Simplified Instruction

If you want to quickly explore our job or do not have much deep-learning experience, you can simply follow the instructions in this section.

  • Step 1: Download the zip or clone the repository to your workspace.
  • Step 2: Download the ckpt_ret01.pt from googledrive. Create a new directory by mkdir save_model and then put the downloaded model under save_model/ directory.
  • Step 3: Install Anaconda (py3) and then create a conda environment by the following command (remember to input 'y' when asked Proceed ([y]/n)? ):
conda create -n KV python=3.6
conda activate KV
sh scripts/conda_environment.sh

Note that there may be error when installing transformers if you're using MacOS. See here for help.

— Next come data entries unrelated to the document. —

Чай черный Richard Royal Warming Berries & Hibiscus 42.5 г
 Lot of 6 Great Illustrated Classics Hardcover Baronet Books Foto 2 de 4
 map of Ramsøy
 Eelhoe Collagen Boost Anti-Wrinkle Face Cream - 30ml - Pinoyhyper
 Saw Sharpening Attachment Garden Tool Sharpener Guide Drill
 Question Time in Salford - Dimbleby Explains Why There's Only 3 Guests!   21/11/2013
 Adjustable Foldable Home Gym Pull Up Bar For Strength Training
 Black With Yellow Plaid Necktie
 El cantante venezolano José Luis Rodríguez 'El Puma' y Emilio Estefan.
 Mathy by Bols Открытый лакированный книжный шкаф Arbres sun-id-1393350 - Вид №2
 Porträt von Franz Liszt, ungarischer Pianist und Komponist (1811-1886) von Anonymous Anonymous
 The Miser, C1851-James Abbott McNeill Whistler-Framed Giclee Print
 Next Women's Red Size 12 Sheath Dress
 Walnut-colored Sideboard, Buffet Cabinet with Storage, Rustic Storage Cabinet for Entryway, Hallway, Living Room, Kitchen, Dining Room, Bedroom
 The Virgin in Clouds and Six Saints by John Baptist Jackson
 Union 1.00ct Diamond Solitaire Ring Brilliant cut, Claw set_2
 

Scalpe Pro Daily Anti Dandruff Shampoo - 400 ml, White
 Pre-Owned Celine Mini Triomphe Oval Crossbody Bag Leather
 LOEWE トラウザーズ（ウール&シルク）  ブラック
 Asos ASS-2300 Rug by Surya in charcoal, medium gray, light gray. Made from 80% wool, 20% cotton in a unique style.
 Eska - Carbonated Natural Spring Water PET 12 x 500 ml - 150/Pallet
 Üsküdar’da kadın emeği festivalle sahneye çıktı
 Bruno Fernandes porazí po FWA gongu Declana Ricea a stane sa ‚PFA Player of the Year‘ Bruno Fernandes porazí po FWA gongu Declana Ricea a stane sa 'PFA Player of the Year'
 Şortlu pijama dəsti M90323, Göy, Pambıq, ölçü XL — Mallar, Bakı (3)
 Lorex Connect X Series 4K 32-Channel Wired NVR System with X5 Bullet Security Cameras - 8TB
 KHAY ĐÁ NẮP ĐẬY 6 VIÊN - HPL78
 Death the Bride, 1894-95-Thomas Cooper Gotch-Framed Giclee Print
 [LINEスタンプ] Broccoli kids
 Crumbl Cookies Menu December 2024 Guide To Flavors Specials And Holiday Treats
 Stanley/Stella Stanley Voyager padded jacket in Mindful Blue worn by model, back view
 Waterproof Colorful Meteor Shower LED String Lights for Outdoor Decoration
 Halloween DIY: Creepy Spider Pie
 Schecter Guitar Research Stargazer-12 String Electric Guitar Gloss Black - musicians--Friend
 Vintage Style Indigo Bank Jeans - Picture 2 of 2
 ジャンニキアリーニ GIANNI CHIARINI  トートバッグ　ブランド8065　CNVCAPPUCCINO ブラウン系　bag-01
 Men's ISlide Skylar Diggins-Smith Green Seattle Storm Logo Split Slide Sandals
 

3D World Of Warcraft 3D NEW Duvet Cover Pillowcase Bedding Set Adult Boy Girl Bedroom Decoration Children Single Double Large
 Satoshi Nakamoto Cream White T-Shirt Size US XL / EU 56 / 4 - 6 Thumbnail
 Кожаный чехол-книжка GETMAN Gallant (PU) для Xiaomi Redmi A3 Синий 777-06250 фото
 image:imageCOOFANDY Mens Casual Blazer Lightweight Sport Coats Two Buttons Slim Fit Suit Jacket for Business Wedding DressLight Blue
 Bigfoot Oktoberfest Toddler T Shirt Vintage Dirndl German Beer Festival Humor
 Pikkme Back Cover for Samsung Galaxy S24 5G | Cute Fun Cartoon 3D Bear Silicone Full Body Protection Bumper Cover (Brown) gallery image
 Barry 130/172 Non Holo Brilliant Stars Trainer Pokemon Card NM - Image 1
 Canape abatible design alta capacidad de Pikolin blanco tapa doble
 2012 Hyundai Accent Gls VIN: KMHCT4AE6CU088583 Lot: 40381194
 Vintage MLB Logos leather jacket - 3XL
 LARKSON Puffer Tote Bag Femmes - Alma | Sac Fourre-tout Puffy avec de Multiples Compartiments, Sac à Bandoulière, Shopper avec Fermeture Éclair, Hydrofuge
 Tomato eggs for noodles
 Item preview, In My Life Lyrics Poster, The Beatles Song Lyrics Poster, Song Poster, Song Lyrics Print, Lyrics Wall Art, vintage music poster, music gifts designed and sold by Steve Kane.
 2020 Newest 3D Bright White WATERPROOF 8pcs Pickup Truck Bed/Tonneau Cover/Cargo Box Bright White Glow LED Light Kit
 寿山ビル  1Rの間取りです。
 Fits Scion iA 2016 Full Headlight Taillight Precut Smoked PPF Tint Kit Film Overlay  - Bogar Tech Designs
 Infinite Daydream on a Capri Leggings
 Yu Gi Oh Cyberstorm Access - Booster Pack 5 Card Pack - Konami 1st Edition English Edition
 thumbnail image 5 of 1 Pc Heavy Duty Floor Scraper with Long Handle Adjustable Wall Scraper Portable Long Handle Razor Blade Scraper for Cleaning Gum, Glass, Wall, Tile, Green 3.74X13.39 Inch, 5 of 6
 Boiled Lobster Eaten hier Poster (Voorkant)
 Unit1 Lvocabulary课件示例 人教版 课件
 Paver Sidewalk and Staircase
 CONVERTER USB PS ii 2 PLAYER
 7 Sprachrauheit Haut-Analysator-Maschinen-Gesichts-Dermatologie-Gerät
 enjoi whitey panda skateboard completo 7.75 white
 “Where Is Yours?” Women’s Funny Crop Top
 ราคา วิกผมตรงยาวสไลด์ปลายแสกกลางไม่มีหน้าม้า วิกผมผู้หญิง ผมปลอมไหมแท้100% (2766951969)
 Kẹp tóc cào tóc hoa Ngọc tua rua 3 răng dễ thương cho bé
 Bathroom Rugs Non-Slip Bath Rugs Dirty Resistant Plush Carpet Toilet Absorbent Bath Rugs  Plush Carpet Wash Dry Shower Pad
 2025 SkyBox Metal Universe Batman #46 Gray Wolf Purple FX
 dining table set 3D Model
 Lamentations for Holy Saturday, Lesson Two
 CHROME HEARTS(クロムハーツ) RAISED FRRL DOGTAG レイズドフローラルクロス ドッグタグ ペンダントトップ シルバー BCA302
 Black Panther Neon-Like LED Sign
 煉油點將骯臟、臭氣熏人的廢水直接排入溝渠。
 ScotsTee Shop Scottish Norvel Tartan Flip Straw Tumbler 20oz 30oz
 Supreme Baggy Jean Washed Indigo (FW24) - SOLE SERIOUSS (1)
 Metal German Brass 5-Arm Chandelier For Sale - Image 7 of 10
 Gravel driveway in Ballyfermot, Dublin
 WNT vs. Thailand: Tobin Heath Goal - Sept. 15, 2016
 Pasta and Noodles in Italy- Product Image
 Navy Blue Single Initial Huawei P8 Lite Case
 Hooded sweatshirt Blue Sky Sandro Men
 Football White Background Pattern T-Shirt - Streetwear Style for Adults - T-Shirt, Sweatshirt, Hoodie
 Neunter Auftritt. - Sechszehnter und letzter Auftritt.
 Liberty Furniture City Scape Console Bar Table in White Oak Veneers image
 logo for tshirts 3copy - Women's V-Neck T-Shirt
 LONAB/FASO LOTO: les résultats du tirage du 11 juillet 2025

  • Step 4: Check the demo_matching.py file and set if_cuda=False in line 7 if there is no GPU available. Run the command:
python demo_matching.py

And then explore the versatile reading task following the instructions of the program:

# input the SMILES string and the textual description you want to match and then type enter
SMILES_string: >> CC(CN)O
description: >> It is an amino alcohol and a secondary alcohol.
# the program will return a score between 0 and 1 (higher is more similar)
Matching_score =  0.8025086522102356

# automatically loop until you type control+C
SMILES_string: >>


  • torch==1.6.0
  • transformers>=3.3.1
  • numpy>=1.19.3
  • sklearn
  • tqdm
  • seqeval
  • chainer_chemistry
  • subworm-nmt

We strongly suggest you to create a conda environment for this project. Installation is going to be finished in a several minutes.

conda create -n KV python=3.6
conda activate KV
sh scripts/conda_environment.sh


KV-PLM and other pre-trained models can be downloaded from googledrive. We recommend you to download the models and put them under save_model/ before running the code.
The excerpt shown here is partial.